**Information**
BEGIN

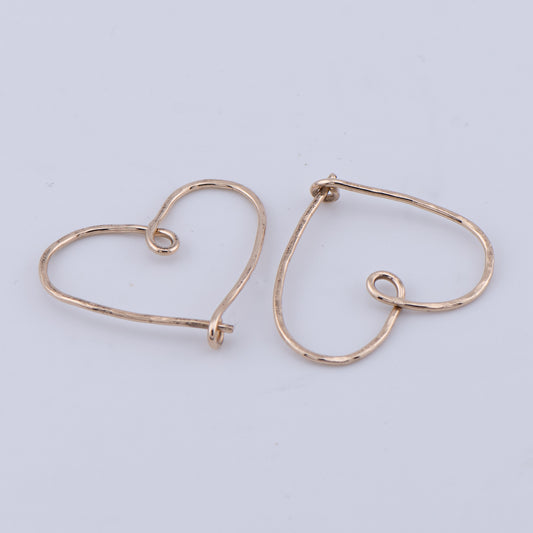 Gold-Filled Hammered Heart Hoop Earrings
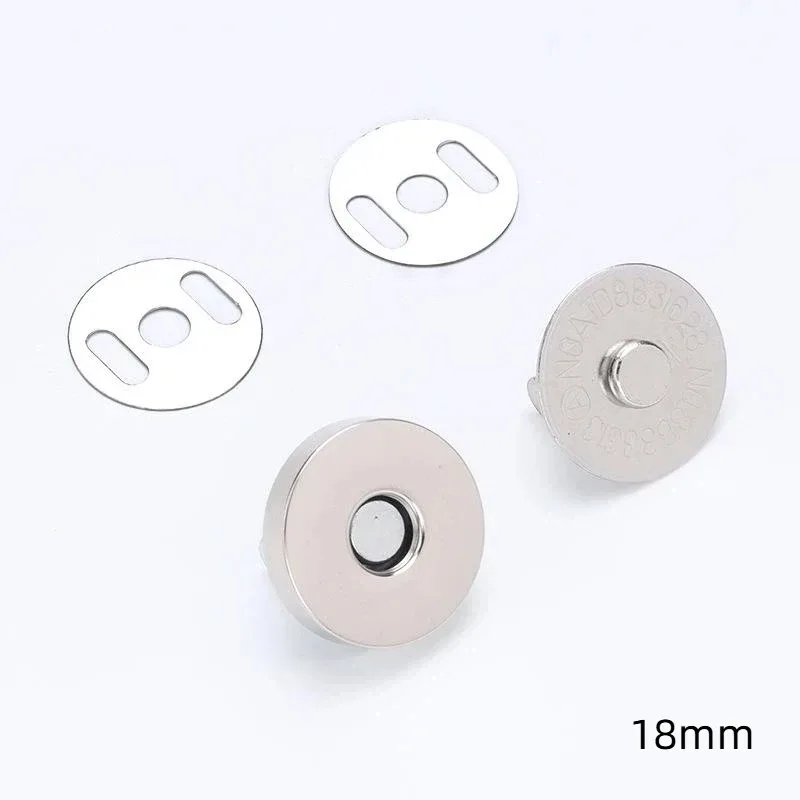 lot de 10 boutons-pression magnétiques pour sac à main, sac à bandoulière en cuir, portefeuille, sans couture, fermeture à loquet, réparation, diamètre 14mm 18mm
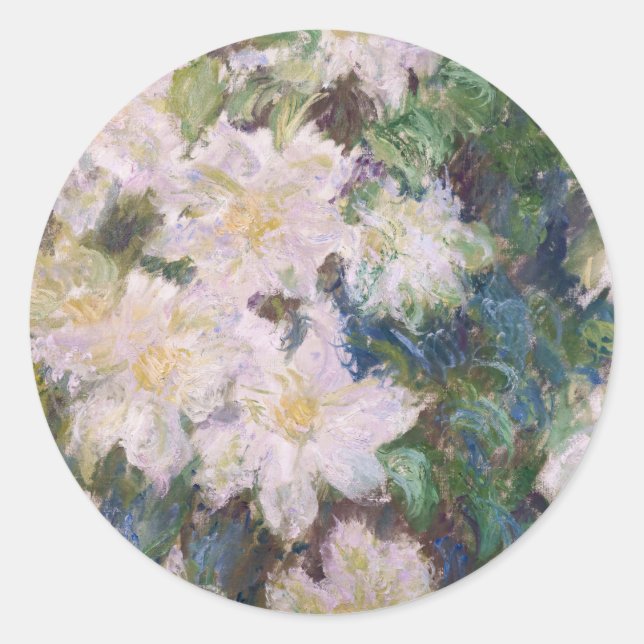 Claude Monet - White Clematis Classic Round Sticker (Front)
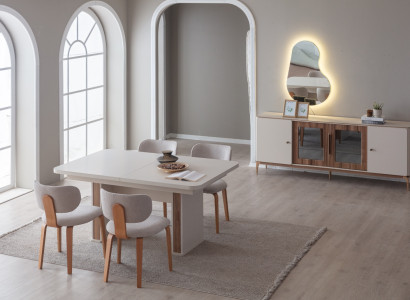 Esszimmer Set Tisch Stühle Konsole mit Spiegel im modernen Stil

END
BEGIN

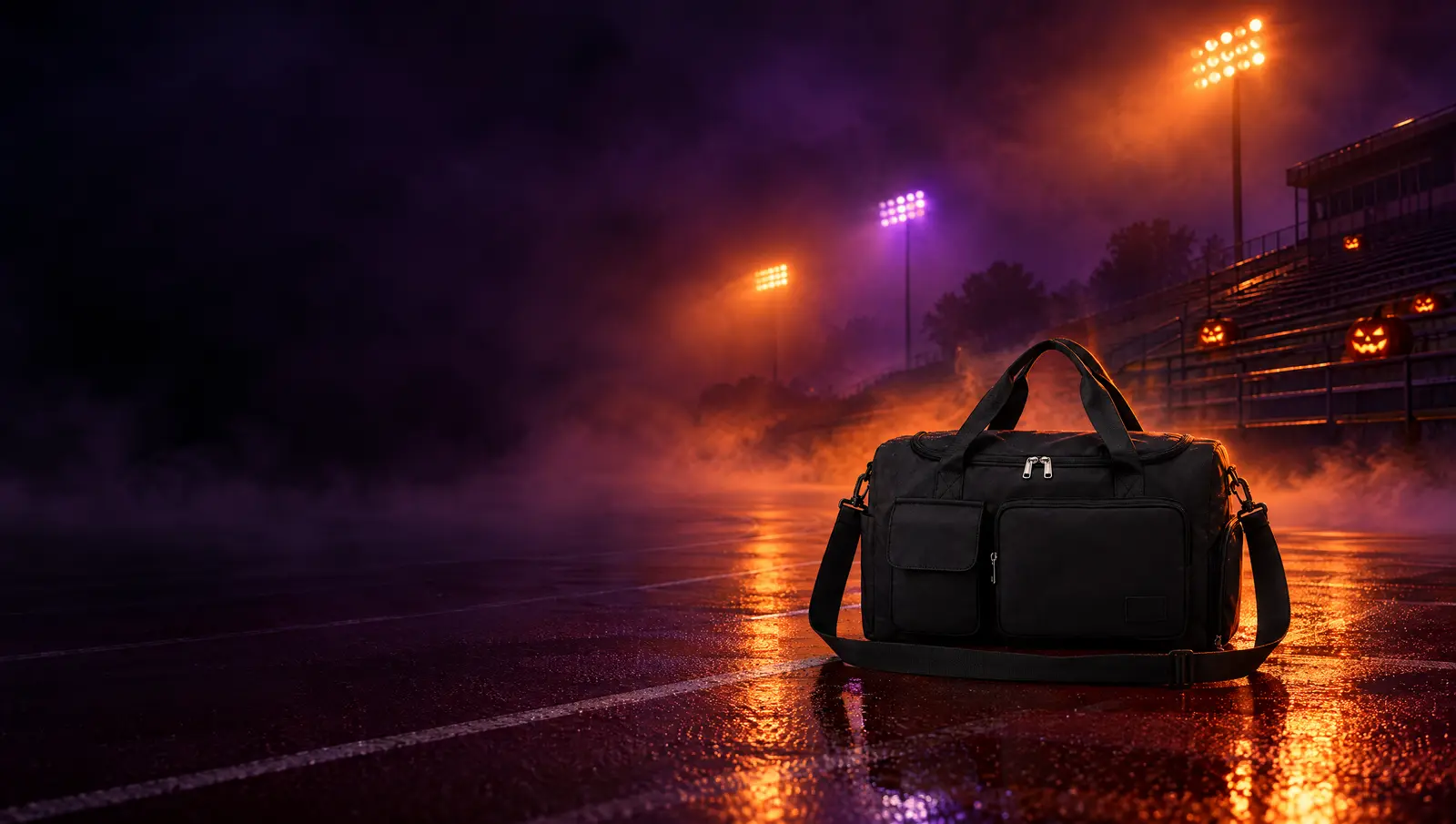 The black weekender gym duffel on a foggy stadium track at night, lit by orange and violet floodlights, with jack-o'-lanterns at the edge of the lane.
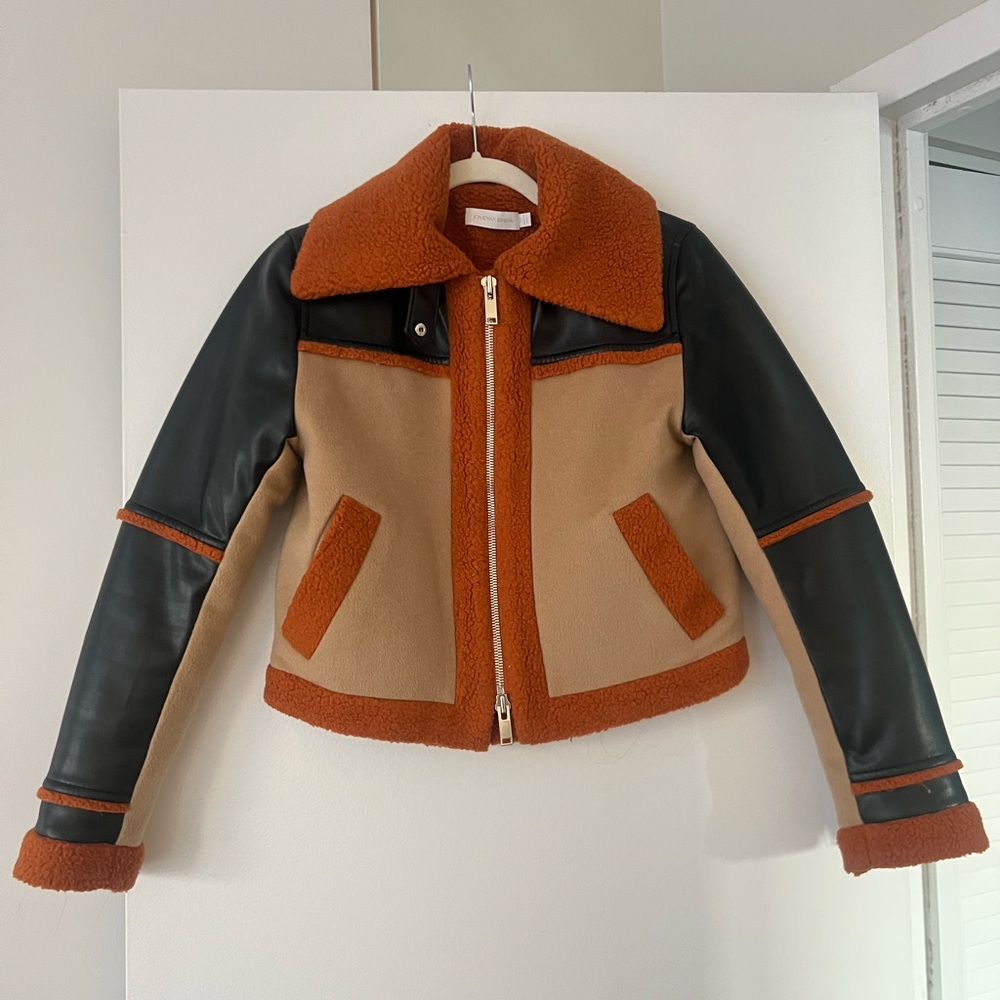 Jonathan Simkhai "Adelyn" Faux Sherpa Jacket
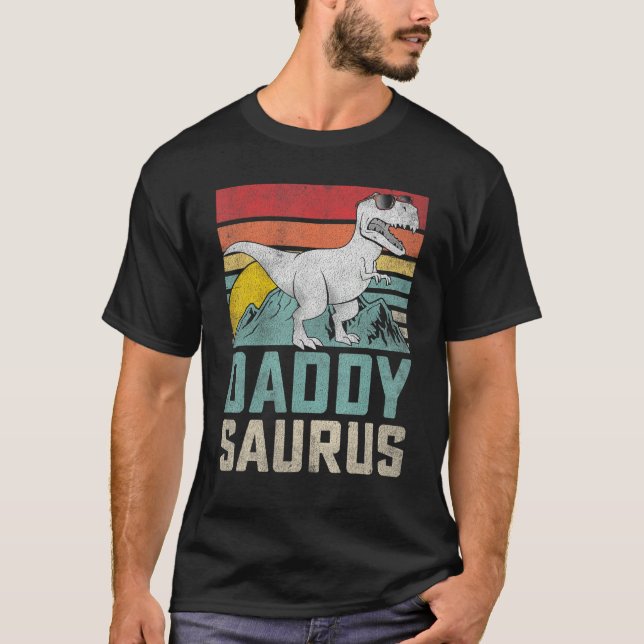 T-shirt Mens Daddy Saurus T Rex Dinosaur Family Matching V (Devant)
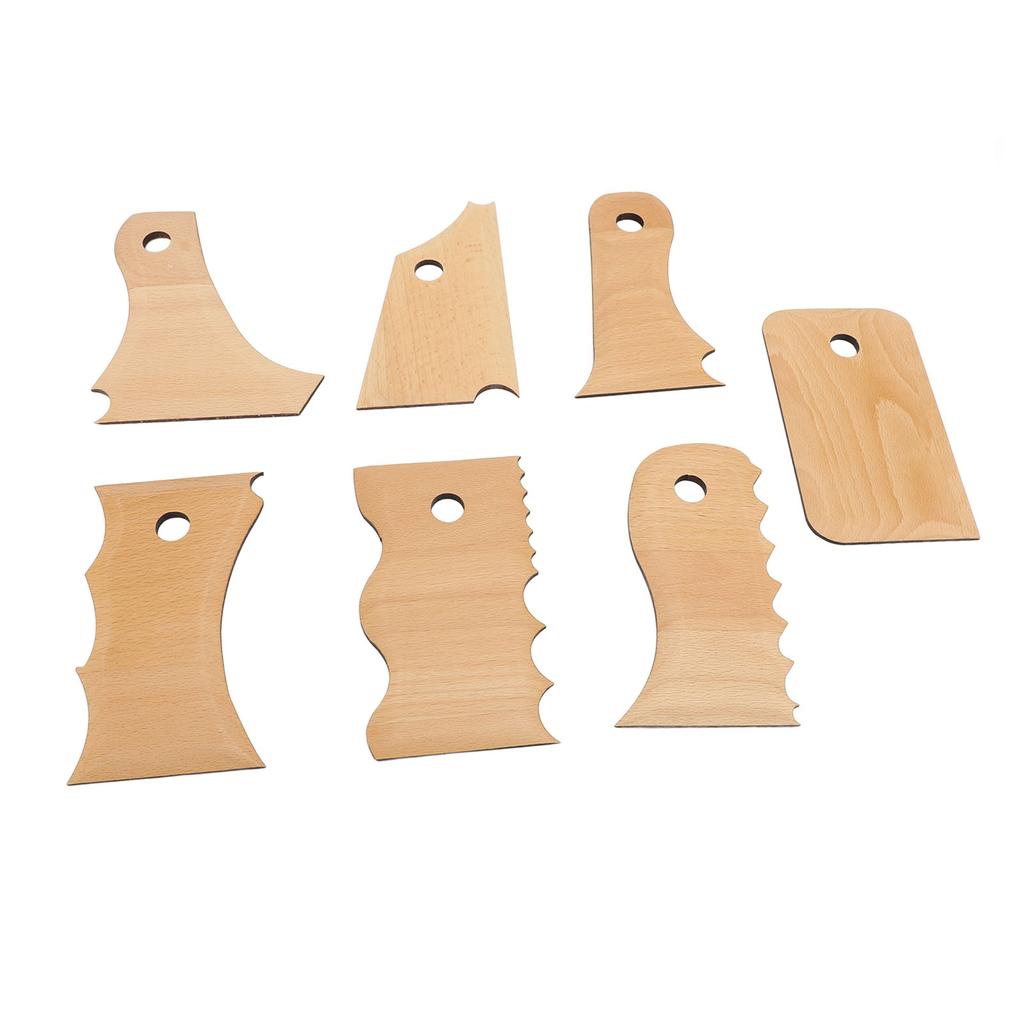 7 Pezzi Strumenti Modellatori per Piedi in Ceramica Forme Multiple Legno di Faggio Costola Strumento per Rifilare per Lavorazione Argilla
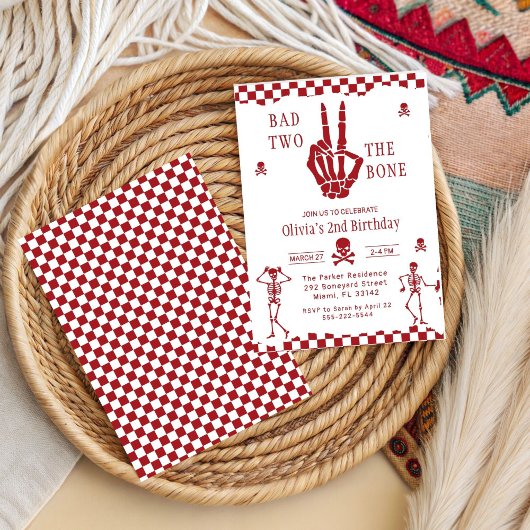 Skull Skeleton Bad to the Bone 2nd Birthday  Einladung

END

**Assigned task**
Using the records above, return verbatim only the part that opens with the line containing "lot de 10 boutons-pression" and closes with the line containing "Esszimmer Set Tisch"; pictures stay out.

**Written solution**
 lot de 10 boutons-pression magnétiques pour sac à main, sac à bandoulière en cuir, portefeuille, sans couture, fermeture à loquet, réparation, diamètre 14mm 18mm
 Claude Monet - White Clematis Classic Round Sticker (Front)
 Esszimmer Set Tisch Stühle Konsole mit Spiegel im modernen Stil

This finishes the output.